Used Car Price Prediction: A Complete Machine Learning Regression Project

This is an end-to-end machine learning regression project aimed at predicting used car resale prices. It uses Random Forest and Gradient Boosting algorithms, covering the full workflow of feature engineering, data visualization, and model evaluation.
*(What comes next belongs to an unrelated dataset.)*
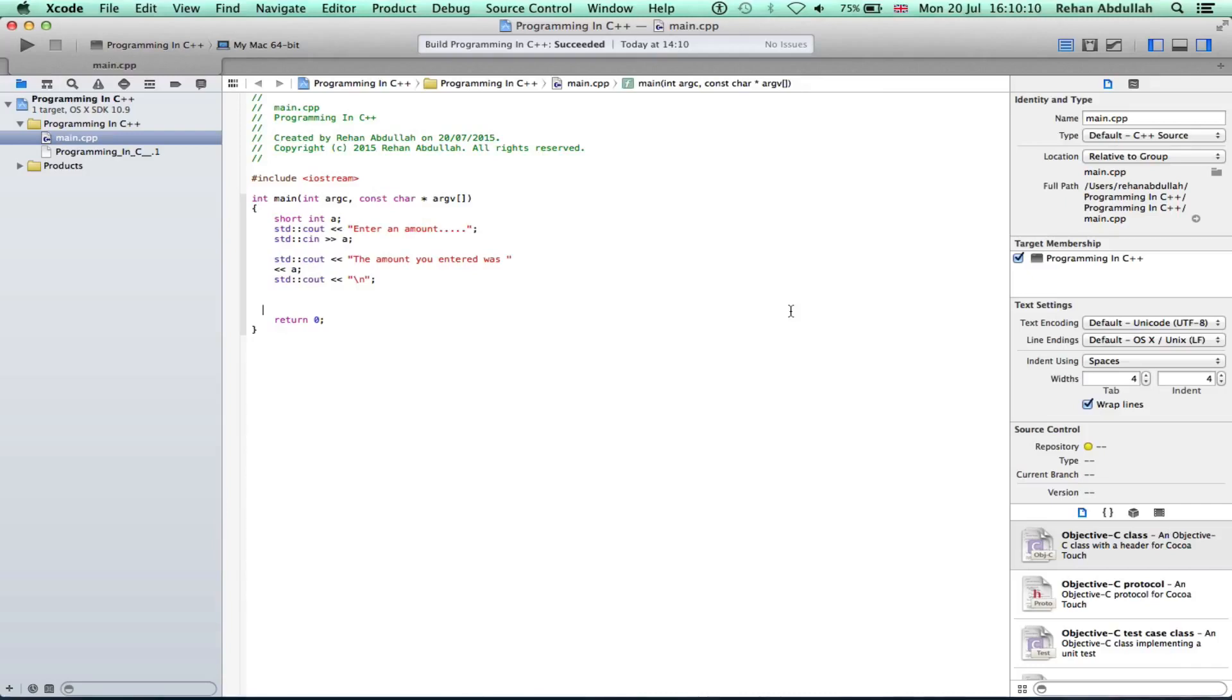As you can see, I've still got the previous tutorial's code loaded. We can just edit this code and take it from there.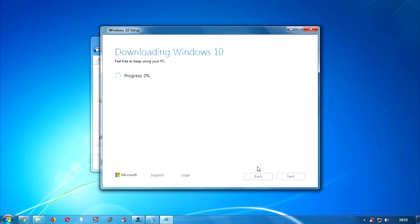After that it will take some time to download. You have to wait for a few hours depending on your internet speed.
The project is from GitHub author anosh-hash and provides a well-structured practical case for machine learning beginners.

• Original Author/Maintainer: anosh-hash
• Source Platform: GitHub
• Original Link: https://github.com/anosh-hash/Car_price_prediction
• Release Date: June 13, 2026

The project aims to predict resale prices based on features like vehicle brand, current price, and mileage, using a Python tech stack (Pandas, Scikit-learn, Matplotlib, Seaborn) to provide a reproducible end-to-end case for beginners.

The dataset contains 301 car records with 9 core features: Car_Name, Year, Selling_Price (target), Present_Price, Driven_kms, Fuel_Type, Selling_type, Transmission, Owner.

Derived Feature Design:

1. Car_Age (Current Year - Manufacturing Year)
2. Depreciation_Pct (Value loss relative to current price)
3. Kms_Per_Year (Total mileage / Car Age)
4. Brand_Goodwill (Reputation encoded by average brand selling price)

These features reflect an understanding of the used car market: car age affects residual value, depreciation rate reflects value retention ability, etc.

Comparison of three regression models' performance:

Model	MAE	RMSE	R² Score
Linear Regression	1.04	1.65	0.881
Random Forest	0.47	0.84	0.969
Gradient Boosting	0.40	0.69	0.979

Gradient Boosting performed best, explaining 97.9% of price variation, verifying the advantage of ensemble learning in handling non-linear relationships.

Feature Importance Results:

• Present_Price (Current Price): 55% contribution (strongest predictor)
• Brand_Goodwill (Brand Reputation):34% contribution (second)
• Fuel type and number of owners have minor impacts

Implications: Buyers and sellers should focus on current market pricing and brand reputation; factors like fuel type have limited influence.

Technical Highlights:

1. Complete data processing workflow: loading, missing value handling, encoding, train/test split
2. Reproducible environment: clear dependencies (Pandas, NumPy, Scikit-learn, etc.)
3. Rich visualization:9-panel dashboard (price distribution, car age relationships, correlation heatmap, etc.)
4. Model persistence: save models for new data prediction

Application Scenarios:

• Used car trading platforms: provide price references to reduce information asymmetry
• Financial institutions: evaluate vehicle mortgage loan limits
• Insurance companies: calculate total loss compensation amounts

Expansion Directions: introduce maintenance/accident records, try neural networks, build real-time valuation API services

The project demonstrates the complete workflow of using machine learning to solve business problems. It is an ideal entry-level case for learners and provides references for feature design and model comparison for practitioners.

Key Insight: An excellent machine learning solution requires algorithmic knowledge plus business understanding; business features like brand goodwill are key to performance breakthroughs.